バルサ下部組織時代にはボージャンの直訴も却下した経緯も【写真:Getty Images】

写真拡大

高校サッカーで時に美談となるケガを押しての奮闘

「エースも故障があれば、たとえクラシコでもプレーはさせない」――ジョアン・サルバンス(元バルセロナ・カンテラ監督)

 全国高校選手権予選が佳境に入りつつある。毎年無責任なメディアは、決まって故障の痛みに耐えてプレーをした選手の頑張りを讃える。

 確かに高校選手権は、判断の難しい大会である。大半の選手たちは、プロを目指すわけではない。幼少時から取り組んできた思い出作りの集大成と捉えることもできる。この大会に向けて厳しいトレーニングを課してきた指導者の側も、育成のプロセスではなく、終着点と考えれば、無理をしてでもピッチに立たせてあげようと親心が働くのだ。

 実際に、ある選手権優勝校の監督は言い切った。

「我々は世界を目指してやっているわけではない。高校で勝つためにやっているんだ」

しかし皮肉なことに、こんなことを言い放つ監督の下からも、日の丸をつけて戦う選手が羽ばたいている。同じトレーニングをしても、トップレベルのプロに育つケースもあれば、その後の長い人生を苦しみ続けるような故障を抱えてしまう選手もいる。

 ただし、それでもマスコミは成功例ばかりをクローズアップするので、世界に例を見ないような非効率で疲労ばかりを溜め込むトレーニングが、時には称賛を集めてしまうことになる。
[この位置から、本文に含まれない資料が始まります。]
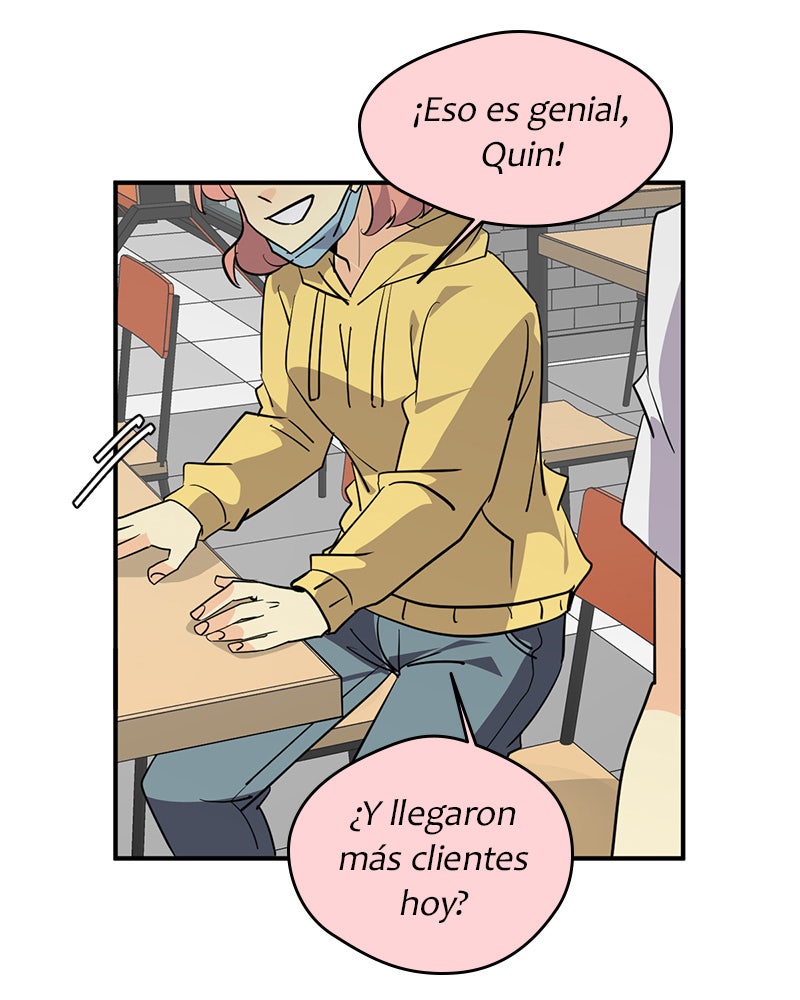 Read extraOrdinario ES Manga Online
バルサ下部組織の指導者が却下したボージャンの出場直訴

 欧州には、こんな諺があるそうだ。

「酔っ払いと子供の顔は嘘をつかない」

 かつてバルセロナのカンテラで監督を務めてきたジョアン・サルバンスは、当時チームのエースだったボージャン・クルキッチ(現・アラベス)の沈んだ表情を見逃さなかった。彼は故障を抱えていたが、隠してプレーをしようとしていた。ジョアンは、ボージャンの出場直訴を却下し、口論になったという。

「間近に迫っていたのは、同じバルセロナのライバル、エスパニョールとのダービーマッチでした。この試合はユース年代の子供たちにとっては、レアル・マドリードとのクラシコに相当します」

 だがジョアンは、ボージャンを説き伏せた。

「君への要求は非常に高い。他の子はプロになることが目標だが、君の場合はカンプ・ノウの満員の観衆を沸かせることだ。チャンスは来年も再来年も必ずやって来る。今はケガをしっかりと治すんだ」

 日本の高校生が、スペインのクラブの練習に参加すると、一様にトレーニング時間の短さに驚く。ジョアンは力説していた。

「私は同じことを100回繰り返すより、集中して10回取り組むことを大切にします。それに練習量と強いメンタルは、決して比例しません」

 今でも彼我の落差が最も大きいのが、育成の常識なのだと思う。